Saturday, October 30, 2010

Metal Parade, Inc. Part 5

Shehera glided and galumphed through work, ostensibly in a haze. Everyone assumed she was perpetually high. The office aberration, her whole constitution was outre - especially in a metalcrunching environment. Jim, her favorite miner who had fled the previous week, used to joke, "Commune's that way, m'dear. Boy, you're really lost if you've ended up here!" A Stockade causalty, he fled Metal Parade after his last big deal. He had saved up just enough metal to survive as an ascetic for a few years, living his dream of becoming a full-time painter.
He confided in her one day on a smoke break: "After the Stockade cracked, I lost everything. I lost my chariot, had to break my lease on Plantation Ave. and move in with my brother and sister-in-law, sold basically everything..." He sniffed. "...but the worst part was...was losing my friends. Or rather who I thought were my friends. It was devastating, to be honest." His head shook in residual bitterness. "I get ejected, and suddenly they don't know me from Adam. Since I'm not in the field, I'm out of the gang. Buncha jerks." He inhaled. "I should've seen it coming, though. Down at the Stockade, everything is metal. And everyone. However these were men I confided in; men I thought would be there for me through tough times, as they always had. We spent so much time together over the years that I considered them brothers. Hah! If you can't make them metal, they don't give a damn whether you're doing great or about to slice your wrists. They're too busy drowning in booze and powder, getting clam-" He flustered. "excuse my language - collecting toys to outdo eachother with, showing off their trophy families, taking their mistresses on lavish vacations..." His eyes cast downward in shame. "Story of my life. My former one. I guess everyone's just doing the best that they know how to, but it still hurts sometimes. So many years I could've been making art, desecrated because I flushed myself into a sewer of metal. And when it was all over, I was broken. I had a whole life, an entire identity, deleted before my very eyes. Nothing left but static."

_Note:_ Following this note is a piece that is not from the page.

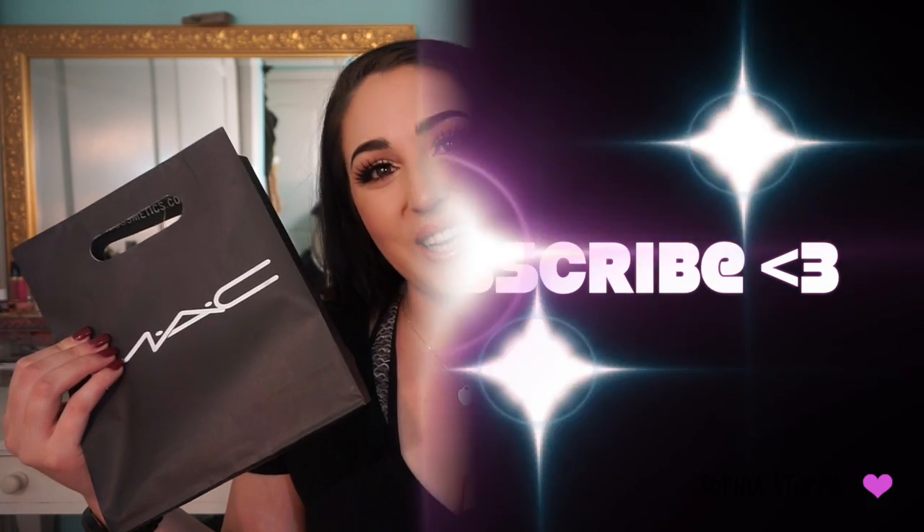Hey guys, what's up, welcome back! Today's video is going to be a MAC haul — just MAC only. I can't remember what I've shown you guys that I've picked up and what I haven't, so this is just going to be some stuff from the past couple times I've gone, like four or five times since my last haul. I'm just going to show you what I bought the past couple weeks, so if you're interested in seeing my MAC haul, please keep watching.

He looked outward. "It was a blessing. A genuine blessing. I had so much to unlearn. After the pain of loss eased, it was liberating! This time next month, I'll be living my life as it was meant to be lived." He shined, irreducibly content.

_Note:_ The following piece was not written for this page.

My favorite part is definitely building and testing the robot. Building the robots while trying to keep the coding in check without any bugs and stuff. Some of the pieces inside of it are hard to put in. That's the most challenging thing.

"That's inspiring," Shehera mused.
" Sorry. You didn't come out here to hear the sob story of an old man," he muttered sheepishly. "Although I'm sure you'll hear many more sad and disturbing things in this purgatory.”
Shehera hesitated. "How exactly did you end up at Metal Parade?"

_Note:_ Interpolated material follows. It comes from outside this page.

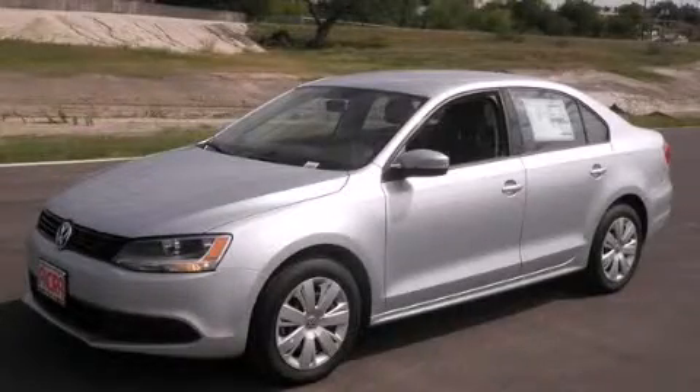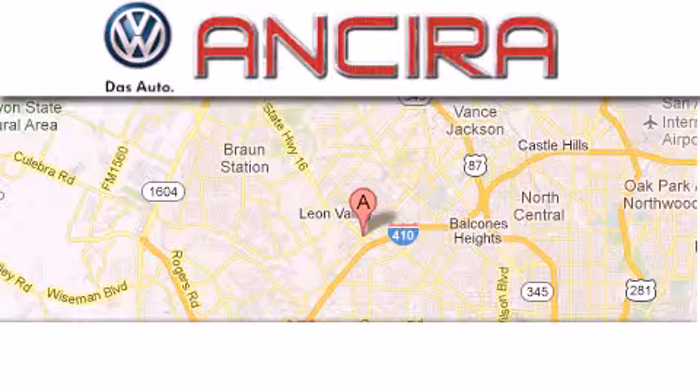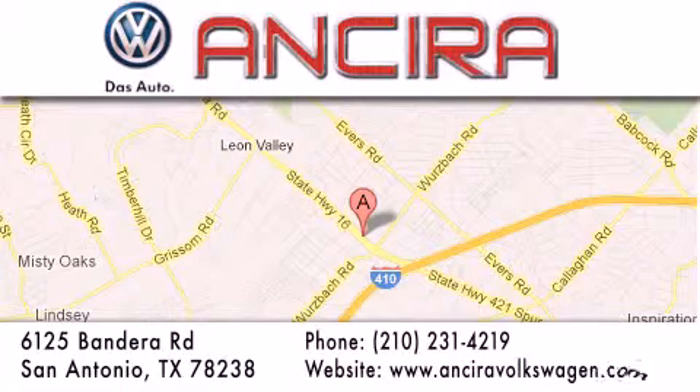Contact us today to arrange your test drive. Ancira Volkswagen is conveniently located at 6125 Bandera Road, just outside Loop 410. Come by and experience the Ancira Volkswagen difference today.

"An Ad on Bob's Mess," he laughed. "Go figure. My prayers to reputable companies all went unanswered. My iron was dangerously low, and I needed some fast. Who ends up here otherwise?" They laughed. "How did YOU end up here?"
"A friend."
"A friend?!" Jim repeated sarcastically. "In this place?" They laughed.
"My old driver was a monster, and old co-dregs unsociable. I needed a change."
Jim looked alarmed. "You sure this isn't the same cheese, different mousetrap?"
"Oh." Shehera ruminated for a moment. "Well, metal is metal, right?"
"In the short term...yes." Jim was uneasy. "But you can't be in a pit like this for too long without it messing with you. This kind of environment will distort your outlook, your values..." He puffed harder. "Metal is important; you HAVE to have metal. But you also have to have a purpose outside of yourself. Otherwise the excess metal turns you into an overgrown infant, living only to satiate every little impulse and urge. Look at most of these miners: no goals. Just delusions of becoming a millionaire."
Shehera chanced to ask him, "How long have you been doing this for?"
"I've been in ironwork in some form or another for over 25 years now." He angered. "It's all I know how to do to make metal in this mess of a society. As for this place..." He drew a breath. "Metal Parade has been, in 26 months: long hours of torture, a lot of good luck, a lot of holding my tongue, and I'm DONE. Pimping out metal brings out the worst in everyone involved." Shehera cringed, thinking of how many people Jim must've screwed to earn top commission. "The thrill of the catch is a trap. 'Get the metal, and get out!' That's been my philosophy here." He looked at her in gravity. "Don't you get stuck."
She laughed. "Never!"

Shehera stamped out the butt. She welled with compassion. "Good luck in the City of Love. I'm glad you're finally free."
"Thank you," Jim replied quietly, and grinned. Bowing nobly as he backed away, his last words to her: "I'll see you on the Seine."